On Top Of Being A TV Quack, Dr. Oz Was Reportedly Involved In The Killing Of Hundreds Of Dogs In Medical Tests

Dr. Mehmet Oz has been called a lot of nasty things over the course of his career as a television personality-turned-aspiring politician: quack, creep, serial testicle fondler, incest advocate, and New Jerseyite being just a few of them. But “dog murderer” is the label that’s likely to inflict the most harm on Oz and his chances of winning a senate seat in a state he doesn’t inhabit.

While Dr. Oz’s tenure as a daytime TV talk show host made him a target of the scientific community for his tendency to make misleading or outright false medical claims, he was indeed an active part of the very real scientific community for many years via the Columbia University Institute of Comparative Medicine. And after an investigation into the work he did there, Jezebel found that the aspiring senator was responsible for brutally killing more than 325 dogs, including an entire litter of puppies.

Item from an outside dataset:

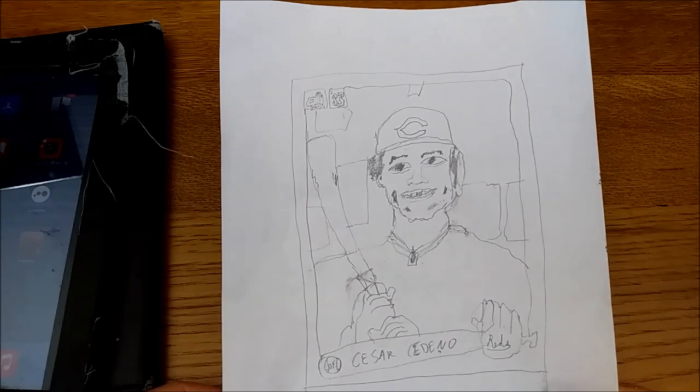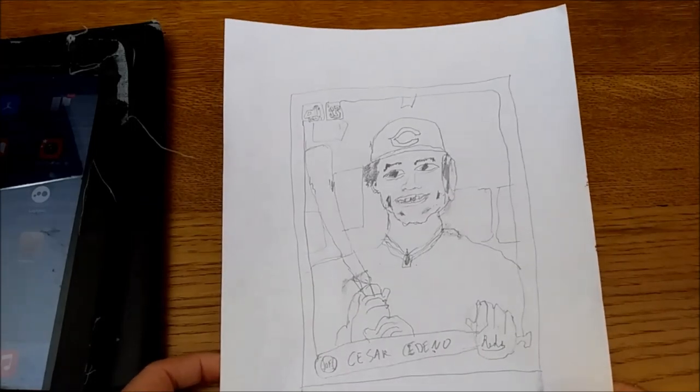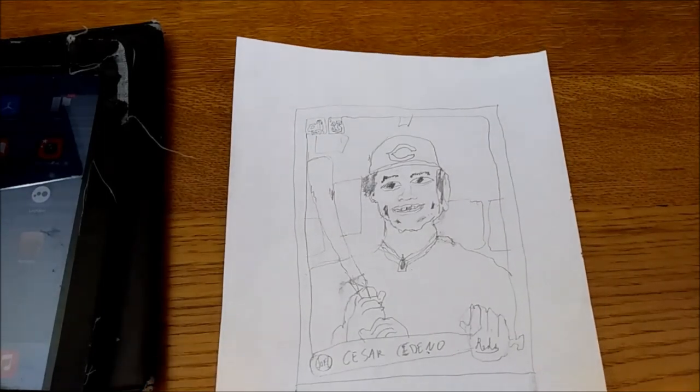Thanks for watching me hack around on this baseball card drawing, and I will talk to you later. In the meantime, you can find us at WaxpackGods or on Twitter at WaxpackGods. Thanks a lot.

With rumors of the senatorial candidate’s medical experiments being talked about on social media, Jezebel dug into the details of 75 studies published by Dr. Oz between 1989 and 2010 and learned that the truth about those internet rumors is actually much more disturbing. As Kylie Cheung wrote for the site:

Oz, the New Jersey resident who’s currently running for U.S. Senate from Pennsylvania, was a “principal investigator” at the Columbia University Institute of Comparative Medicine labs for years and assumed “full scientific, administrative, and fiscal responsibility for the conduct” of his studies. Over the course of 75 studies published in academic journals reviewed by Jezebel, Oz’s team conducted experiments on at least 1,027 live animal subjects that included dogs, pigs, calves, rabbits, and small rodents. Thirty-four of these experiments resulted in the deaths of at least 329 dogs, while two of his experiments killed 31 pigs, and 38 experiments killed 661 rabbits and rodents.

Veterinarian Catherine Dell’Orto was a postdoctoral veterinary fellow at Columbia during Dr. Oz’s tenure, and actually blew the whistle on what she deemed to be violations of the Animal Welfare Act which, according to Jezebel, “sets minimum standards of care for dogs, cats, primates, rabbits, and other animals in the possession of animal dealers and laboratories.” Standards which Dr. Oz ignored.

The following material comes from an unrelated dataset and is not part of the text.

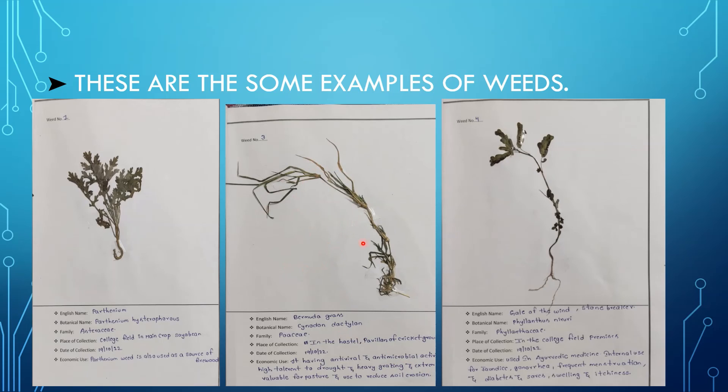It is mainly used for animal eating purposes. The third weed is Gale of the Wind, with the scientific name Phyllanthus niruri, family Phyllanthaceae. It has mainly ayurvedic medicinal uses, including treatment for jaundice. This is all about the herbarium preparation, and in this way we have to note the remaining weeds and prepare the herbarium.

Dell’Orto came to Columbia in 2001 and, according to a 2004 article in Newsday, “raised multiple objections with a senior veterinarian” about the treatment of the medical facility’s animals within weeks of her arrival. “They just pooh-poohed me and told me I was new in the field and couldn’t be too emotional about it,” Dell’Orto said at the time.

Eventually, Dell’Orto escalated her complaints then went directly to the USDA, which is in charge of enforcing the Animal Welfare Act, and also shared her story with PETA and The Humane Society of the United States.

In May 2004, the USDA levied a paltry $2,000 fine against Columbia University for multiple violations of the Animal Welfare Act. The fine, writes Cheung, “was the result of a settlement between the university and the USDA, based on the findings of Columbia’s internal investigation of Oz’s research. The USDA accepted these findings, but according to Dell’Orto, the review was faulty, and ‘had investigators on the committee that were also complicit in this type of poorly designed, cruel animal experimentation.’”

Just last month, Dell’Orto told Billy Penn that Oz did not personally euthanize the hundreds of dogs and puppies in question. But she noted that, “When your name is on the experiment, and the way the experiment is designed inflicts such cruelty to these animals, by design, there’s a problem.”

Jezebel reached out to both Columbia’s office of communications and public affairs and Oz’s campaign team for comment; while Columbia declined to participate, Team Oz has yet to respond.